### PROMPT
Show every line of the records below that contains the word "DPRD".

Excerpts from a dataset:
◆ ◆ ◆ ◆ ◆

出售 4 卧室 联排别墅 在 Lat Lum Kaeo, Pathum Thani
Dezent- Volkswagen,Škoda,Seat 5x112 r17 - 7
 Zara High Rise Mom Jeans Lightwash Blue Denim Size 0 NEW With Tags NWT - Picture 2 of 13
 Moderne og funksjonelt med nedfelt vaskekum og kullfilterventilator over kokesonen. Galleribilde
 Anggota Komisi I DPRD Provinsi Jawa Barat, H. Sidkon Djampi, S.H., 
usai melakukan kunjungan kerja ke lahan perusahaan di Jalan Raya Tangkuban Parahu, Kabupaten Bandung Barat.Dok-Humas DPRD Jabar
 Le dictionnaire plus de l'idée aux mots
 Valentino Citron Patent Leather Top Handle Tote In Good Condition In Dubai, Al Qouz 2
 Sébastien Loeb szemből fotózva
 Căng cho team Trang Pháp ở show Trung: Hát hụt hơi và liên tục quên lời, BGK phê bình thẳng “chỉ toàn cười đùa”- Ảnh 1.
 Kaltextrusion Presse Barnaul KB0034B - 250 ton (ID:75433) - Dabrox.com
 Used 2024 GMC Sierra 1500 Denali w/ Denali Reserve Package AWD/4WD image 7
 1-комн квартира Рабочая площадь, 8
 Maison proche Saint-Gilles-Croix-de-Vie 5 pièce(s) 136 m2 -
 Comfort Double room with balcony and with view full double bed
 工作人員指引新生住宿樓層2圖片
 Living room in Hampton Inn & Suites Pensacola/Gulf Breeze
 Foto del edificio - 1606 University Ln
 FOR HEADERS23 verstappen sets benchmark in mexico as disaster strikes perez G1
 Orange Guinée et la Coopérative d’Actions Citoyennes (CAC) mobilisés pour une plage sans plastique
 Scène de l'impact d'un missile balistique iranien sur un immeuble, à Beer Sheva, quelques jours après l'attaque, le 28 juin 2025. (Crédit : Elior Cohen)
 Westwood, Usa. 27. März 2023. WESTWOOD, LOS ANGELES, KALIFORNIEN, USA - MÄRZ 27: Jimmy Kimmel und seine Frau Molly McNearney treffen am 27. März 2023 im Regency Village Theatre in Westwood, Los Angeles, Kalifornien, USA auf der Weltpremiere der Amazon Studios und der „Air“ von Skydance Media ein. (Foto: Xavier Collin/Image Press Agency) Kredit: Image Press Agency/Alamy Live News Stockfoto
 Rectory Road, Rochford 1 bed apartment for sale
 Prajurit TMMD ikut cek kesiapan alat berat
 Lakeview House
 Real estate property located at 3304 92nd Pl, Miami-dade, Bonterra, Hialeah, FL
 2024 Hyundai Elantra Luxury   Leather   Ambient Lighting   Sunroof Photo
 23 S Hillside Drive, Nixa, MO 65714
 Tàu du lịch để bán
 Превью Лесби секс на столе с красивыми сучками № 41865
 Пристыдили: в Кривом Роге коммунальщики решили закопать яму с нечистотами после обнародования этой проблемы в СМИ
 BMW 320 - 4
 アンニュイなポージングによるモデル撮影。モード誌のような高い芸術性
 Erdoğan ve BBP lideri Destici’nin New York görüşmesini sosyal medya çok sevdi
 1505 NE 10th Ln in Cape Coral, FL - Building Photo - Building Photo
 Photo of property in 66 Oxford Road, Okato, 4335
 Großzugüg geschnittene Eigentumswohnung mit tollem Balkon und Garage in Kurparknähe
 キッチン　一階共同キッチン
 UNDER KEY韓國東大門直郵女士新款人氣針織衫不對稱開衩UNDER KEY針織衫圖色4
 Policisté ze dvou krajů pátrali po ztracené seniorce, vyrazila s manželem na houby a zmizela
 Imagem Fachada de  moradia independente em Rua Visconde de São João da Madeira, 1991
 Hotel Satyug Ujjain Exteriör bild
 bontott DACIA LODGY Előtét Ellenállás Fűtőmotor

◆ ◆ ◆ ◆ ◆

### EXERCISE RESPONSE
 Anggota Komisi I DPRD Provinsi Jawa Barat, H. Sidkon Djampi, S.H., 
usai melakukan kunjungan kerja ke lahan perusahaan di Jalan Raya Tangkuban Parahu, Kabupaten Bandung Barat.Dok-Humas DPRD Jabar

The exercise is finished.